# I just wanna feel like im around people again....



## alnadine20 (Oct 22, 2014)

I miss feeling who im around and feeling my presence and their presence and the vibe thats going on in the room. I forgot what that feels like. I cant even make out who im around anymore. Its like when im at work for example im around the same people and the same place every single day and every single day i have to try and think of who im around and where im at. Theres no vibes no energies....nothing.


----------



## peachy (Feb 9, 2008)

Are we twins? I feel exactly the same. Frustrating stuff.

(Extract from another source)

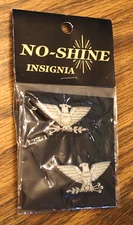 NO-SHINE Insignia Col Bullion Rank (2) - New - Original Packaging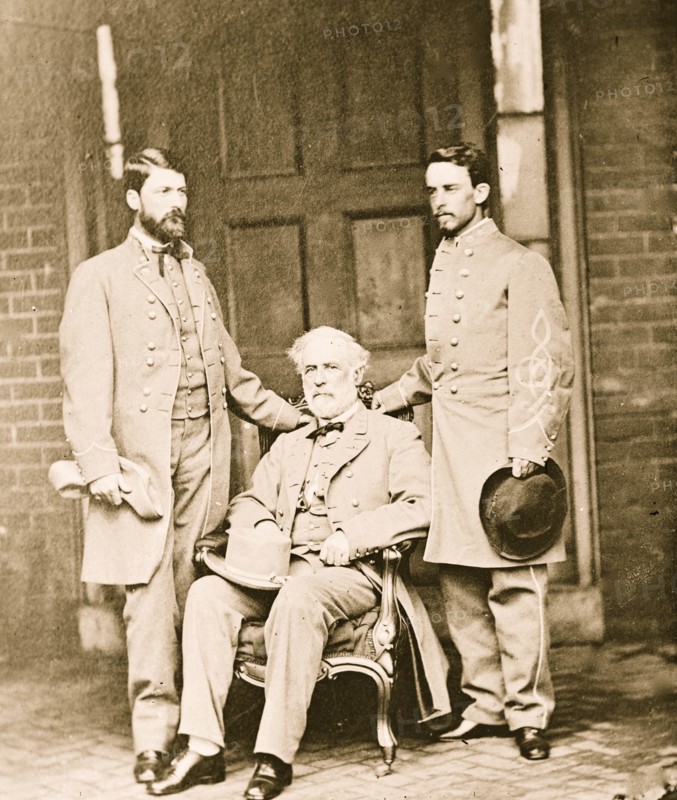 G.W.C. Lee, Robert E Lee, Walter Taylor 1863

Hope we find a way to make it better today!


----------



## mezona (Sep 4, 2015)

Same ((


----------



## Mr confused (Apr 8, 2016)

same here i used to relax in front of the pc and at home or while ating with family and i used to hate being in class now all the places are the same numb and no idea about where am i what am doing or who am i with


----------



## Disruption (Apr 24, 2016)

i guess this will never change...i know what youre talking about...the only time i feel quite like my old self is when im with a good old friend with whom i started smoking weed 9 years ago...talking about the good old days is what helps a lot sometimes


----------



## Mr confused (Apr 8, 2016)

yeah no auras from things i wake up everyday trying to recognize my family and my home i see them but i don't feel them


----------